Nebraska proved to be the right combination of things for Marcus Newby.
The four-star linebacker from Gaithersburg (Md.) Quince Orchard High School was NU's 12th commit for the 2013 recruiting class.
“It feels great and it's a relief. I'm so excited about everything,” Newby told HuskersIllustrated.com. “Basically, I loved it on my visit. When I came in it felt like a family and they brought me in as one of their brothers.”
Newby and Quince Orchard coach Dave Mencarini visited Nebraska for Big Red Weekend in mid-June and spent a considerable amount of time on campus, learning about NU's culture and the academic support system, plus spending time with current players.
NU's commitment to academic success stuck with both Mencarini and Newby well after the June visit.
“Ultimately, this wasn't even a football decision, it was a life decision,” Mencarini said. “We spent a lot of time learning about the academic program and the support structure Nebraska has. I've seen a lot of great BCS programs around the country and I never saw anything like I saw at Nebraska.”

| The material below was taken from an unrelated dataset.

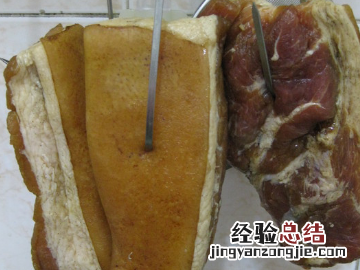 腌腊肉用热盐还凉盐,为什么腌腊肉要把食盐炒热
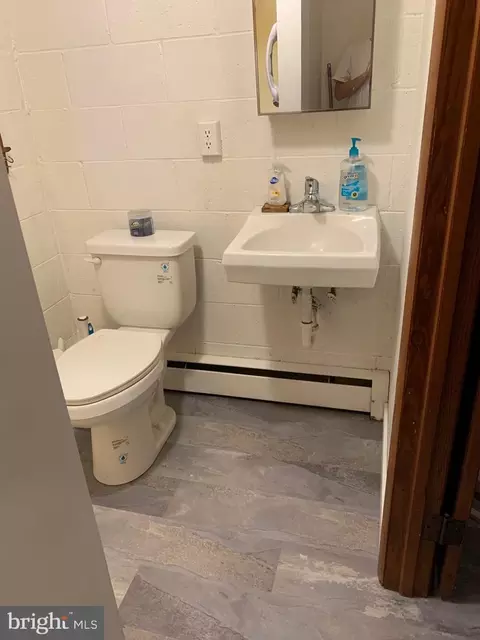 8484 Virginia Ave, Pasadena, MD 21122 photo 19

As a junior for Quince Orchard, Newby finished with 107 tackles, three sacks, broke up eight passes and forced two fumbles. As a senior, He chose Nebraska over a final group of Maryland, Oklahoma, Penn State, Rutgers and West Virginia.
“He’s a rare combo of a guy who can play in space and be an every-down linebacker," Mencarini sai.d "He can be that tough, physical guy inside, and he can run extremely well. His skills need to be developed at Nebraska, but he’s the most aggressive player I’ve ever coached. Probably the best player I’ve ever coached.”
Newby told the Washington Post that his familiarity with defensive coordinator John Papuchis and Jason Ankrah, who are both graduates of Quince Orchard, helped make the decision easier.
The Maryland prep standout was the Huskers' third linebacker commit for the 2013 class as he joined Josh Banderas and Courtney Love.
Our take: He’s a guy who’s not afraid of contact and providing run support, but can also react appropriately in space against the pass. Newby does have a chance to play right away, but he’ll have to emerge quickly. Learning the system is what prevents most first-year linebackers from making an impact.